IX) falsità di presupposto e della motivazione e carenza di istruttoria perché l’autorizzazione paesaggistica del Sovrintendente è stata espressa il 3 dicembre 2010, e acquisita il 10 dicembre 2010, successivamente alla data dell’8 giugno 2010, in cui è stato espresso il parere favorevole da parte della Commissione di valutazione dell’impatto ambientale;

X) illogicità, irragionevolezza, violazione dell’art. 97 della Costituzione e del principio di precauzione perché l’alto numero di prescrizioni impartite denota in realtà l’incompatibilità del progetto;

XI) carenza di istruttoria, carenza di presupposto e falsità della motivazione per l’omessa verifica della situazione delle acque sotterranee e di un’indagine idrogeologica volta a fornire una conoscenza dettagliata della falda freatica.

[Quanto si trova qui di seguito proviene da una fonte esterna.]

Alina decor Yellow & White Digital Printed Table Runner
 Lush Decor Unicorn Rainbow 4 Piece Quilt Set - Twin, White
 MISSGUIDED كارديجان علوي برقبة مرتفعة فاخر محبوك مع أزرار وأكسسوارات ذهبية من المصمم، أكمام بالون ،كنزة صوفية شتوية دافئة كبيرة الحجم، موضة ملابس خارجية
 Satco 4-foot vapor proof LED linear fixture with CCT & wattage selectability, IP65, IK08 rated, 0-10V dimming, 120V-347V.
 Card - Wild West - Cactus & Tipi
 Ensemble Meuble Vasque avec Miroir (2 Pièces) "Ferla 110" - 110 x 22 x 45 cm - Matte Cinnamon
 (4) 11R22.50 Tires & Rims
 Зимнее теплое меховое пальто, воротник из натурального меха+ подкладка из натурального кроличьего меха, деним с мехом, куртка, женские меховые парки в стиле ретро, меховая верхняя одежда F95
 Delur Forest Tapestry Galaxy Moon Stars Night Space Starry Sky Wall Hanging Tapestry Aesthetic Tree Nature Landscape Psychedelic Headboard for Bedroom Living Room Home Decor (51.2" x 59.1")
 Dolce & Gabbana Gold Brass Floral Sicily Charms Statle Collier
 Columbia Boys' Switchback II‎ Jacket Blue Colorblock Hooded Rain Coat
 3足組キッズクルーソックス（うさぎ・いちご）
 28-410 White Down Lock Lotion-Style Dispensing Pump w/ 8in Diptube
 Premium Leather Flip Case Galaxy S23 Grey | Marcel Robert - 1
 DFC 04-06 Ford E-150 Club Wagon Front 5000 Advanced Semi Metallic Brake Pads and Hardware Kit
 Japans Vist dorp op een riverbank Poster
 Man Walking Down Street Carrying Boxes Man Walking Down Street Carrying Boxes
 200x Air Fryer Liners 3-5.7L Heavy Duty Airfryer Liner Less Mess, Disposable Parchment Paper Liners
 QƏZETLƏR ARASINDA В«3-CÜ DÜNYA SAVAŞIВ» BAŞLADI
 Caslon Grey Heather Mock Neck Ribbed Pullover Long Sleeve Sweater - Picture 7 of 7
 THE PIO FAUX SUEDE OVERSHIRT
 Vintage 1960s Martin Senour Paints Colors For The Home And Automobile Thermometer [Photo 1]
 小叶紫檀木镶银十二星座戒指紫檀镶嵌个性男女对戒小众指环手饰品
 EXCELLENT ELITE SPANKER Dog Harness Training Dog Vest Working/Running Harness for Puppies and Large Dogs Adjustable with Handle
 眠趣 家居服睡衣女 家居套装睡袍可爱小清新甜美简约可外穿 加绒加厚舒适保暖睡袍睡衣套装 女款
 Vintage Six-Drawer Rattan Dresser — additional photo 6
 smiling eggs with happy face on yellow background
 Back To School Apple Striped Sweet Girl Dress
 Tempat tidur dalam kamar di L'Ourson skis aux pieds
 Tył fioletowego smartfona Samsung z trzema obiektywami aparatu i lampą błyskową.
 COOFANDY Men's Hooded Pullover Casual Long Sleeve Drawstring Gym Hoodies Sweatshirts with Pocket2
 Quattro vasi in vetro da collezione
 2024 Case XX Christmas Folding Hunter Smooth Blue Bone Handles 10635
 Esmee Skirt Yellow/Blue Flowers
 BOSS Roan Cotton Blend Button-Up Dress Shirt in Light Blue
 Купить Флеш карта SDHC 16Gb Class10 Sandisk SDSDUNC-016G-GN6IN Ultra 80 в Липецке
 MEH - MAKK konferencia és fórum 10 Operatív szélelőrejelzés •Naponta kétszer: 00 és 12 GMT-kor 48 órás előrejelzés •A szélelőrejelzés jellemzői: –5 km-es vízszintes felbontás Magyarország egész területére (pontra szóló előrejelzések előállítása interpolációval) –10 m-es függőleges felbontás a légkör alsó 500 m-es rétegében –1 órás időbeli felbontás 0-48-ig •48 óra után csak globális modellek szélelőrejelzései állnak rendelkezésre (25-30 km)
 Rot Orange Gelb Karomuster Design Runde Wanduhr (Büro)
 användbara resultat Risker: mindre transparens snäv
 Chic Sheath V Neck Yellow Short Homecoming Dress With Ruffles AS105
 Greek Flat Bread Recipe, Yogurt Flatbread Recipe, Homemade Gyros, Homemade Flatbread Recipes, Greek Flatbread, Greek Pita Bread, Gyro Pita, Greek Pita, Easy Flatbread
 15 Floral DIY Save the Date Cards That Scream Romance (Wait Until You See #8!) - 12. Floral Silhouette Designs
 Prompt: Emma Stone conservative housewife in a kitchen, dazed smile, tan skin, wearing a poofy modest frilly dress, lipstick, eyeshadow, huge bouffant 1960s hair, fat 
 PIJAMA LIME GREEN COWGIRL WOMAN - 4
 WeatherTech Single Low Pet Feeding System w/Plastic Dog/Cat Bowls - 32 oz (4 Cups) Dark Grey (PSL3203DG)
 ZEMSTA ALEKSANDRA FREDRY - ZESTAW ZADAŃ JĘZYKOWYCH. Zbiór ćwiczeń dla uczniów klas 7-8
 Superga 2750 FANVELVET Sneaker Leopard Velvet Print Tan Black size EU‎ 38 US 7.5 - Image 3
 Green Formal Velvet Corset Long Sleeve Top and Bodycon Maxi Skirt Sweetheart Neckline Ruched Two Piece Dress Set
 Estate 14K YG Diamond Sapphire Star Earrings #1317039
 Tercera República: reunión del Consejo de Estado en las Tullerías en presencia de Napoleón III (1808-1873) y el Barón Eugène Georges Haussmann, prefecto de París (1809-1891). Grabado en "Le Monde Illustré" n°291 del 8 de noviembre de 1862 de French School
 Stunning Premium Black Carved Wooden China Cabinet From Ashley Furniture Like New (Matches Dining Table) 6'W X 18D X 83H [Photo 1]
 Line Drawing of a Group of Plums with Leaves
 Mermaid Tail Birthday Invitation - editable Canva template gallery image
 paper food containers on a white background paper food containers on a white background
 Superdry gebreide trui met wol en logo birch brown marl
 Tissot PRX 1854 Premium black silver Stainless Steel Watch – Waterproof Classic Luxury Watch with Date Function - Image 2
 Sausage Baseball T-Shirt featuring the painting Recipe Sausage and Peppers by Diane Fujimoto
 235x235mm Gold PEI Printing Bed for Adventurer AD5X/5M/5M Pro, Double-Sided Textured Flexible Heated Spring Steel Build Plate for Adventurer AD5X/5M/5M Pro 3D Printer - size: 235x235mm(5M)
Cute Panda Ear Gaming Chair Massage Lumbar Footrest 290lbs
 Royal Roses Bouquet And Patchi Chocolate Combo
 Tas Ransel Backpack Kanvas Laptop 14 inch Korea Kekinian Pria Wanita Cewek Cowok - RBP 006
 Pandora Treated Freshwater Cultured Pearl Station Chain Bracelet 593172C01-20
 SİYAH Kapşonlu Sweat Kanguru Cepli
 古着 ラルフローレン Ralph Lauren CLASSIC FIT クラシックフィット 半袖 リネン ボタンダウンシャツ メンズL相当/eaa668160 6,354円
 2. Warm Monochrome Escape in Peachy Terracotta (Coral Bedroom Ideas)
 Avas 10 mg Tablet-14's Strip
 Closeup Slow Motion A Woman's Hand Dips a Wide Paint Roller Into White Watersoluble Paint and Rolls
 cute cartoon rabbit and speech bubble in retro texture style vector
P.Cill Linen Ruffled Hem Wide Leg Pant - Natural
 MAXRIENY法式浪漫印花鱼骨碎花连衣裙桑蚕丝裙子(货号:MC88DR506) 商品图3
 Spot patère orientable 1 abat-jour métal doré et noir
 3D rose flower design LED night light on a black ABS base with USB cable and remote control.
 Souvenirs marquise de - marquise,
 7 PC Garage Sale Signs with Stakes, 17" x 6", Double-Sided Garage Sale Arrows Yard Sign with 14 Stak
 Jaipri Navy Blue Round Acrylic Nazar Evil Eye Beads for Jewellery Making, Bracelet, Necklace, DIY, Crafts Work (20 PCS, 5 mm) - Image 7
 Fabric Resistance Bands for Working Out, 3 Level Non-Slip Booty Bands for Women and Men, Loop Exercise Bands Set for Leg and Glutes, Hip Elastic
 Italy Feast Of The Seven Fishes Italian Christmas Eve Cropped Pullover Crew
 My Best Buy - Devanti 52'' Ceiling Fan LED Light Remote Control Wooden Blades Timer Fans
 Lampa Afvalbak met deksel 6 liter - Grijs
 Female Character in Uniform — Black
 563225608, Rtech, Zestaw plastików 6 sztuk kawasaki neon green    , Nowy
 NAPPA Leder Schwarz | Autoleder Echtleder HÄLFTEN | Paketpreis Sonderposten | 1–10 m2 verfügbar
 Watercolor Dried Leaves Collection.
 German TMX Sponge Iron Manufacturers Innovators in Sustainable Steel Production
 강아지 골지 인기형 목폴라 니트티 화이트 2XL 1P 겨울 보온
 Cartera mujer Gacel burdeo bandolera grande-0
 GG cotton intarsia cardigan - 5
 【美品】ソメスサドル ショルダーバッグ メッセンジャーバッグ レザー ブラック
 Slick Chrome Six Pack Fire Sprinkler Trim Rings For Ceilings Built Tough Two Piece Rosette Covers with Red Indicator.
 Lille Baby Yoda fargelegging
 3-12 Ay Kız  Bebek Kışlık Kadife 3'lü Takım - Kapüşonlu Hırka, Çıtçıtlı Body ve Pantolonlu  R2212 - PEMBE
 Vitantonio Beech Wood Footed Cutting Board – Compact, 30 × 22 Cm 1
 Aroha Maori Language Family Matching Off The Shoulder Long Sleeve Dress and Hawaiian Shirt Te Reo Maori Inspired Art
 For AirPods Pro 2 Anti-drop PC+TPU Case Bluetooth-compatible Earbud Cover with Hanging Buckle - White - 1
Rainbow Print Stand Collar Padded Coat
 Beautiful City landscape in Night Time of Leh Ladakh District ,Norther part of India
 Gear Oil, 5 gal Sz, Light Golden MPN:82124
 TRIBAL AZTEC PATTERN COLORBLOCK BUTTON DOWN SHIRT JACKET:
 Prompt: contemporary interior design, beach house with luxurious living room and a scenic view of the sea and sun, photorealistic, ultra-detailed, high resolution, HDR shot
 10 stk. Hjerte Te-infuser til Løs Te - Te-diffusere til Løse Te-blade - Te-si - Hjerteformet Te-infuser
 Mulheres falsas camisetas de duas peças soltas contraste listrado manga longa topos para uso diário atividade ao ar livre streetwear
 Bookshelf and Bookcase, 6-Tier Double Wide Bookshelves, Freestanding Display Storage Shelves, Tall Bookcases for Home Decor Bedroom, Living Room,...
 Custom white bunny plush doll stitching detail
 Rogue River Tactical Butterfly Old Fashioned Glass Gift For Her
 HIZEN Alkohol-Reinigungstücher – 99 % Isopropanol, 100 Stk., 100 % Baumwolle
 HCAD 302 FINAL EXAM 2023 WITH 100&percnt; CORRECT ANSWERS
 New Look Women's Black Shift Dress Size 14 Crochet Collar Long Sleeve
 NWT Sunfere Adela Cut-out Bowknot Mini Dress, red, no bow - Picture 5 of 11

Con ricorso r.g. 1035 del 2011 i medesimi atti sono impugnati dal contermine Comune di Mira per le medesime censure.

In entrambi i ricorsi è intervenuta ad adiuvandum la Provincia di Venezia, svolgendo autonomi motivi di censura, con i quali ha contestato la violazione dell’art. 208 del Dlgs. 3 aprile 2006, n. 152, per l’omesso coinvolgimento nella procedura del Consorzio di bonifica, il difetto di motivazione e di istruttoria per la mancata considerazione che il progetto riguarda l’apertura di una nuova discarica, e la violazione del piano territoriale di coordinamento provinciale che vieta l’apertura di nuove discariche in zone assoggettate a vincolo paesaggistico, e del piano dei rifiuti che indica il sito come non idoneo.

Si sono costituiti in entrambi i ricorsi la Regione Veneto e la controinteressata Integra Srl, eccependo l’inammissibilità dell’intervento della Provincia, la tardività dell’impugnazione delle deliberazioni della Giunta regionale, l’inammissibilità per carenza di interesse dei ricorsi, e concludendo infine per la reiezione del ricorso.

Con ordinanze nn. 585 e 586 del 6 luglio 2011, sono state accolte le domande cautelari.

Alla pubblica udienza del 2 febbraio 2011, la controinteressata ha prodotto della documentazione, consistente in una revisione progettuale che, tenendo conto della motivazione delle ordinanze cautelari, ha previsto la sistemazione e il consolidamento della sponda del corso d’acqua con allargamento della fascia arginale da utilizzare dai mezzi consortili per la manutenzione, e l’arretramento del nuovo argine di contenimento dei nuovi materiali della discarica per rispettare la distanza di 10 m dal corso d’acqua.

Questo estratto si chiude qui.